--- TRY IT ---
Would you restate, word for word, only the lines starting at the one with "apvp Кинешма" and ending with the final line of the entries below? Pictures stay out.

--- RECORDS FOR THE EXERCISE ---
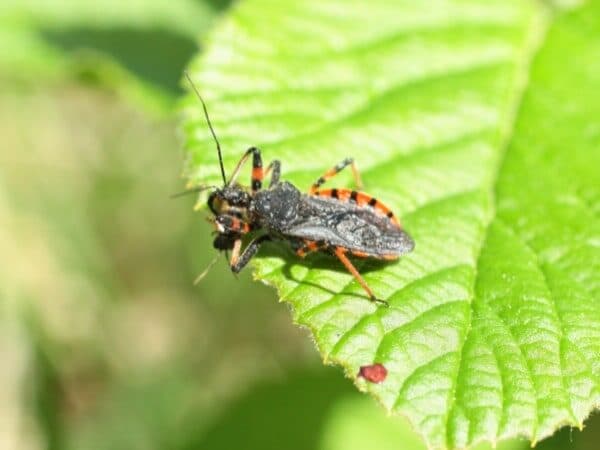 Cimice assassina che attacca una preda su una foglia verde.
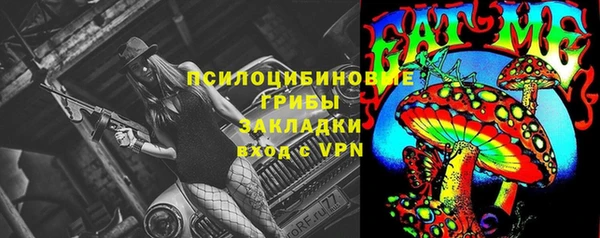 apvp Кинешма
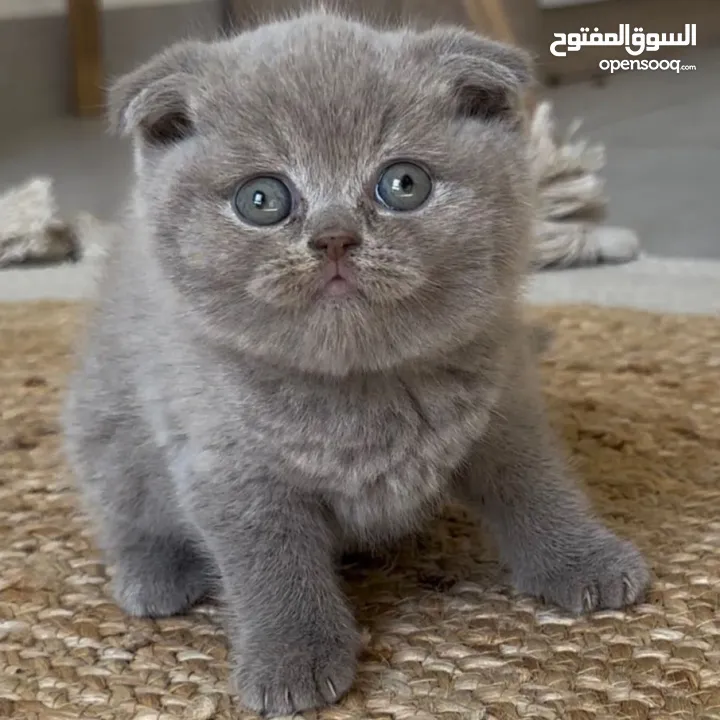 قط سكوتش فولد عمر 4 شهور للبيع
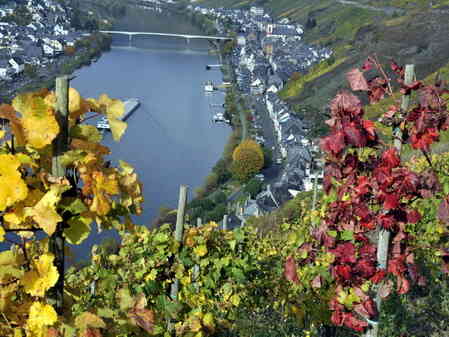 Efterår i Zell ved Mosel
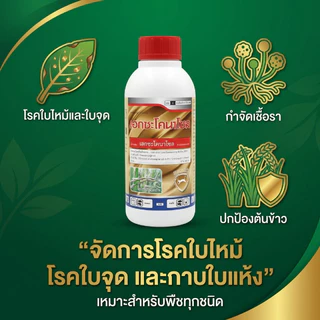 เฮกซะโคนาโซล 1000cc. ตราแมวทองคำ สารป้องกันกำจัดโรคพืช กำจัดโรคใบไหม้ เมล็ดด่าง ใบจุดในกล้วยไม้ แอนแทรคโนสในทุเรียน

--- WORKED SOLUTION ---
 apvp Кинешма
 قط سكوتش فولد عمر 4 شهور للبيع
 Efterår i Zell ved Mosel
 เฮกซะโคนาโซล 1000cc. ตราแมวทองคำ สารป้องกันกำจัดโรคพืช กำจัดโรคใบไหม้ เมล็ดด่าง ใบจุดในกล้วยไม้ แอนแทรคโนสในทุเรียน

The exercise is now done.